● THE DATA
═══

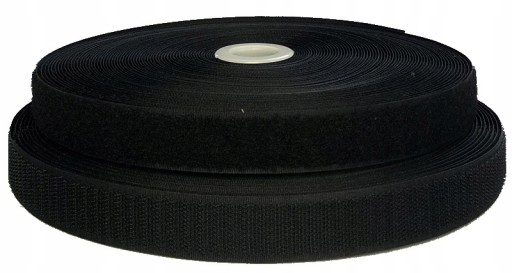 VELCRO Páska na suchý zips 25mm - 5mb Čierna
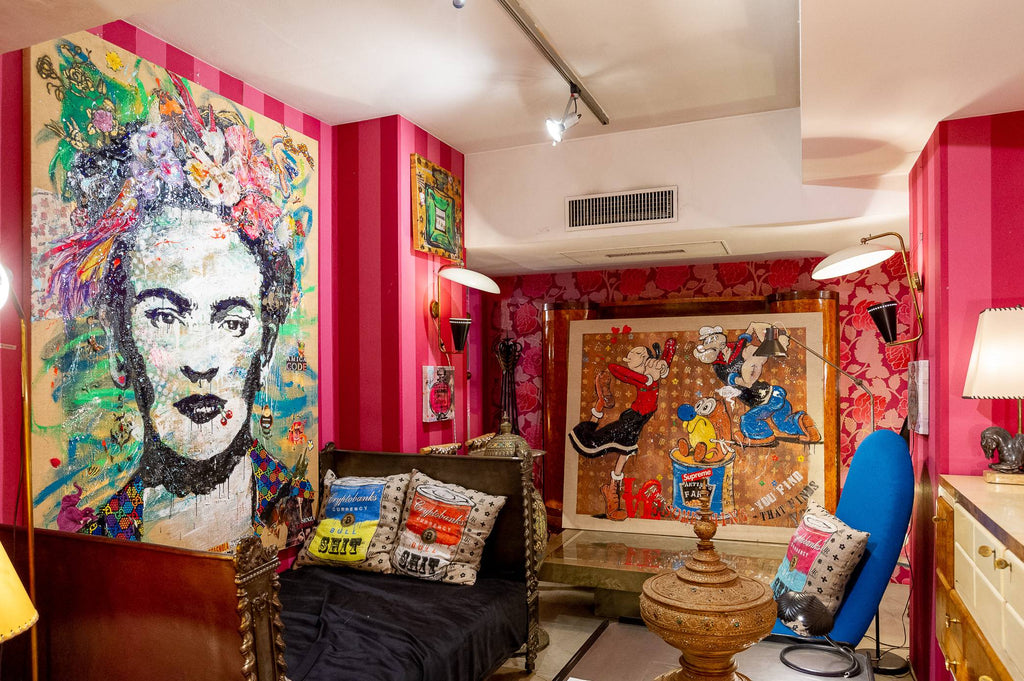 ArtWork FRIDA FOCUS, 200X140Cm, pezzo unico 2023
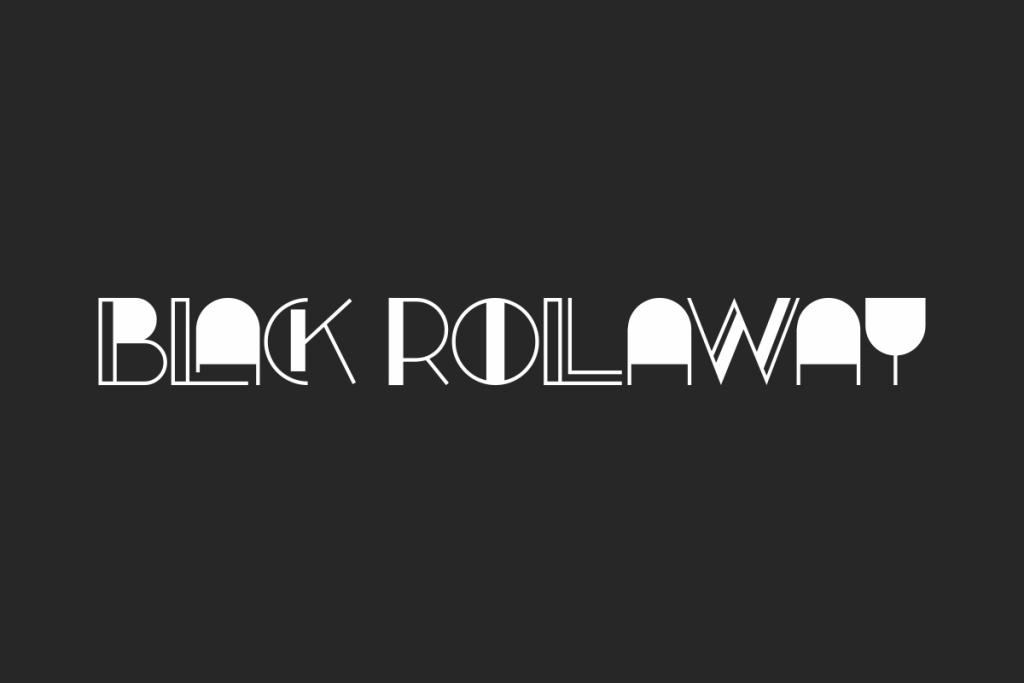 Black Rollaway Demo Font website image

═══

● WORK REQUEST
The reply must hold every line above exactly as written and none of the pictures.

● RESPONSE TO THE EXERCISE
 VELCRO Páska na suchý zips 25mm - 5mb Čierna
 ArtWork FRIDA FOCUS, 200X140Cm, pezzo unico 2023
 Black Rollaway Demo Font website image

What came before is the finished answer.